In addition, since the liquid ejecting unit 290 provided in the transportation path 218 can eject liquid onto the paper sheet M, on which printing has been performed, such that the difference in amount of moisture between the front and rear surfaces of the paper sheet M falls within the predetermined range, it is possible to suppress the curling of the paper sheet M that occurs due to a difference in drying time which is caused by the difference in amount of moisture between the front and rear surfaces of the paper sheet M. Therefore, it is possible to provide the printing apparatus 1 with which it is possible to suppress stacking failure which occurs due to the curling of the paper sheet M, on which printing has been performed, when the post processing is performed on the paper sheet M.
Next, the liquid ejecting unit 290 according to Modification Example 2 of the third embodiment of the invention will be described.
The position of the liquid ejecting unit 290 according to Modification Example 2 is different from the position of the liquid ejecting unit 290 according to the third embodiment and the liquid ejecting unit 290 according to Modification Example 2 is disposed on the upstream side of the outlet path 250 which is a portion of the transportation path 218.
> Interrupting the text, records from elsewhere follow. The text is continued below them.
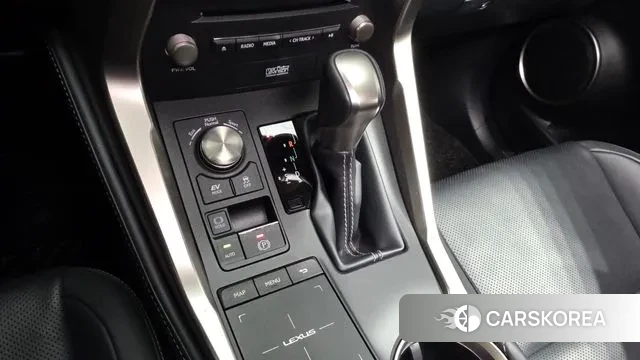 Lexus NX300h id 3556669 из Кореи 19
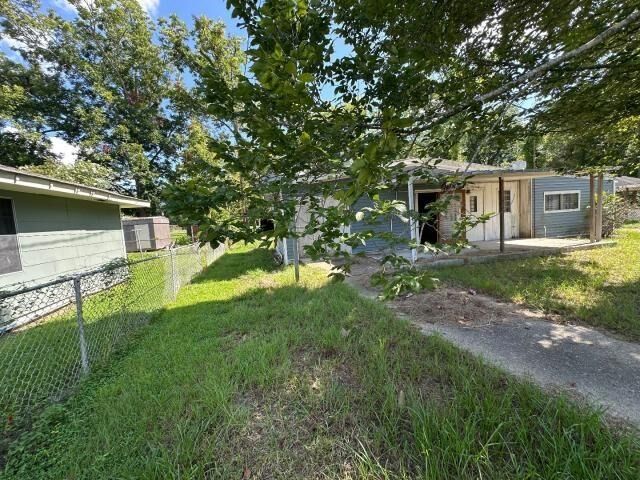 Property Photo:  654 Old Rafe Meyer Road  LA 70807 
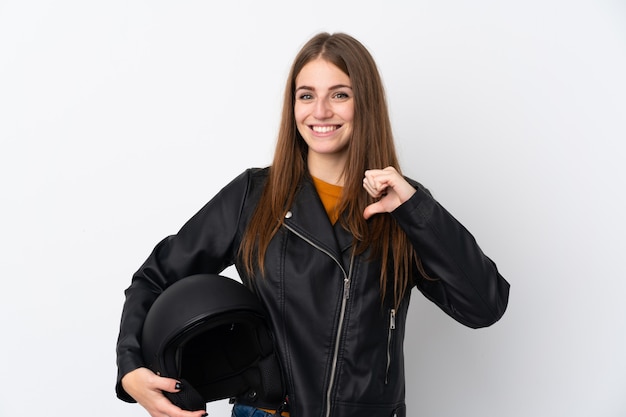Mujer con casco de moto orgullosa y satisfecha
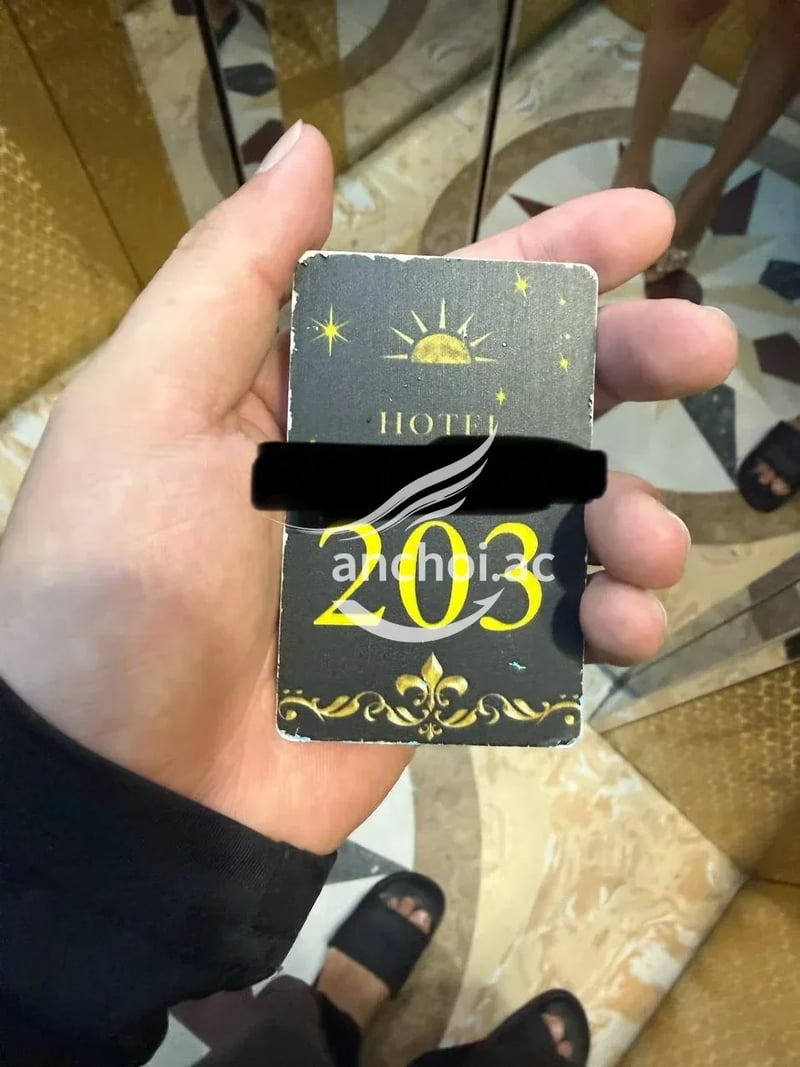 mình vừa đi về nè, bú cu rất nhiệt tình, mặt thì dâm hàng sạch sẽ thơm tho, Vú n — ảnh 2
According to this configuration, it is possible to lengthen a portion of the transportation path 218 which is on the downstream side of the liquid ejecting unit 290 and it is possible to lengthen a time for drying liquid, which is ejected to suppress deformation such as the second curling effect of the paper sheet M. Therefore, it is possible to suppress an increase in friction resistance of the paper sheet M which occurs due to the paper sheet M being insufficiently dried.
Note that, it is preferable that the liquid ejecting unit 290 be provided in the inlet path 243 which is on the upstream side of the branch paths 244 and 245. If the liquid ejecting unit 290 is provided in the inlet path 243, it is possible to lengthen a portion of the transportation path 218 which is on the downstream side of the liquid ejecting unit 290 and it is possible to lengthen a time for drying the ejected liquid. Therefore, it is possible to suppress an increase in friction resistance of the paper sheet M which occurs due to the paper sheet M being insufficiently dried. In addition, since only one liquid ejecting unit 290 is provided, it is possible to achieve a reduction in cost and size of the printing apparatus 1 or the post processing device 2.
Hereinabove, the intermediate units 200, 200a, 200b, and 200c, the post processing device 2, and the printing apparatus 1 of the invention have been described on the basis of the embodiments illustrated in the drawings. However, the invention is not limited to this and the configuration of each component may be replaced with an arbitrary configuration having the same function. In addition, another arbitrary component may be added to the invention. In addition, the above-described embodiments may be appropriately combined to each other. That is, the drying unit 270, the tensile force applying mechanism, and the liquid ejecting unit 290 may be combined to each other to suppress a decrease in friction resistance of a medium or the curling of the medium which depends on moisture of liquid.
The invention can be realized in the following aspects or application examples.
According to this application example, there is provided an intermediate unit including a transportation path along which a medium, on which printing has been performed by a printing unit that performs printing on the medium by using liquid, is transported to a post processing unit that performs post processing on the medium, in which the transportation path is provided with a drying unit that accelerates the drying of the medium.
According to the application example, since the transportation path is provided with the drying unit that accelerates the drying of the medium, it is possible to sufficiently dry the medium by using the drying unit in the middle of transportation and thus it is possible to provide an intermediate unit that can suppress the curling of a medium. Therefore, it is possible to suppress stacking failure which occurs due to the curling of the medium when the post processing is performed on the medium discharged from the intermediate unit and it is possible to suppress alignment failure which occurs due to a high friction resistance of the medium on which printing has been performed.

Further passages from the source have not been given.